**YOUR OBJECTIVE:** Please make an exact transcription of the records, keeping the pictures out of it.

**RECORD EXCERPTS:**
--- START ---
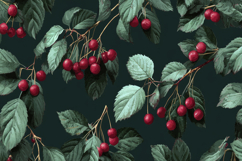 Red Cherries And Leaves Background Product Image 1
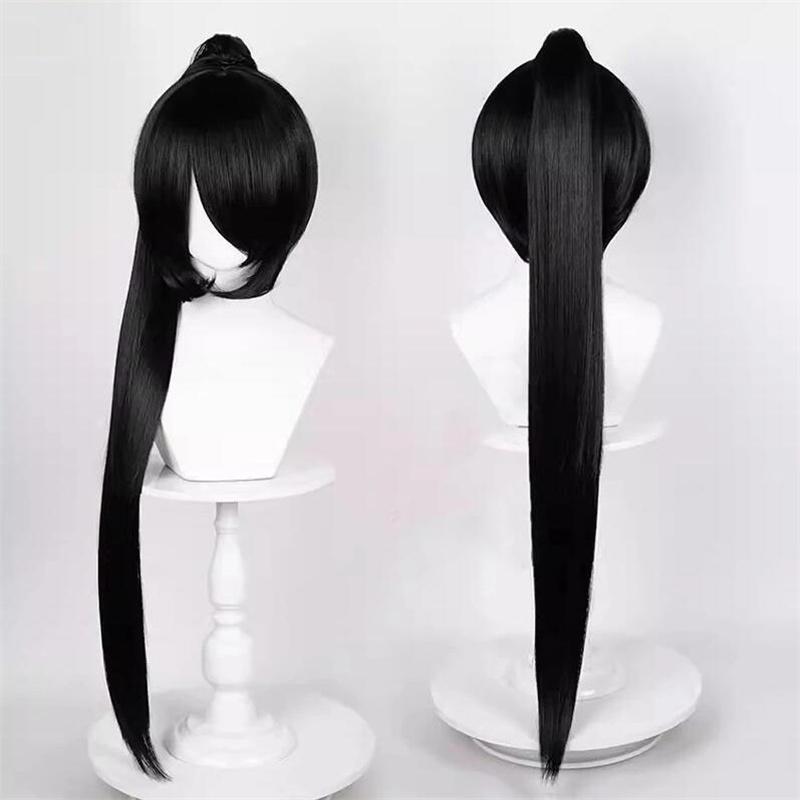 90 см длинный прямой парик для косплея с хвостиком, аниме, короткий базовый парик, универсальные многоцветные термостойкие синтетические волосы, парики + шапочка для парика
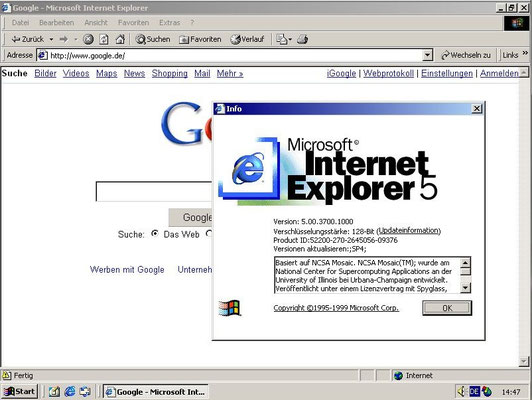 Standardmäßig installiert: Internet Explorer in der Version 5.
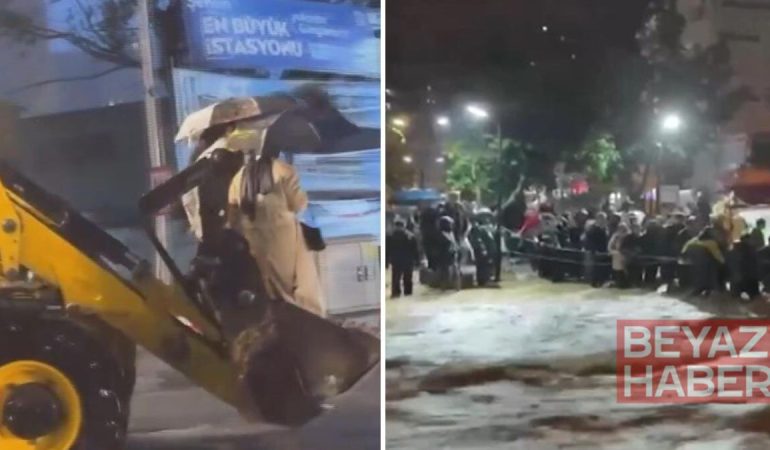 İstanbul'da hayat felç oldu: Kepçe ve halatlarla hayata tutundular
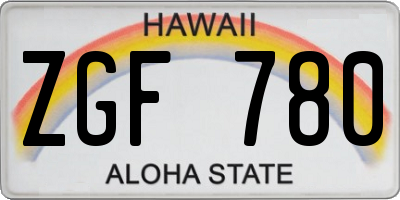 HI license plate ZGF780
--- END ---
**ANSWER SECTION:**
 Red Cherries And Leaves Background Product Image 1
 90 см длинный прямой парик для косплея с хвостиком, аниме, короткий базовый парик, универсальные многоцветные термостойкие синтетические волосы, парики + шапочка для парика
 Standardmäßig installiert: Internet Explorer in der Version 5.
 İstanbul'da hayat felç oldu: Kepçe ve halatlarla hayata tutundular
 HI license plate ZGF780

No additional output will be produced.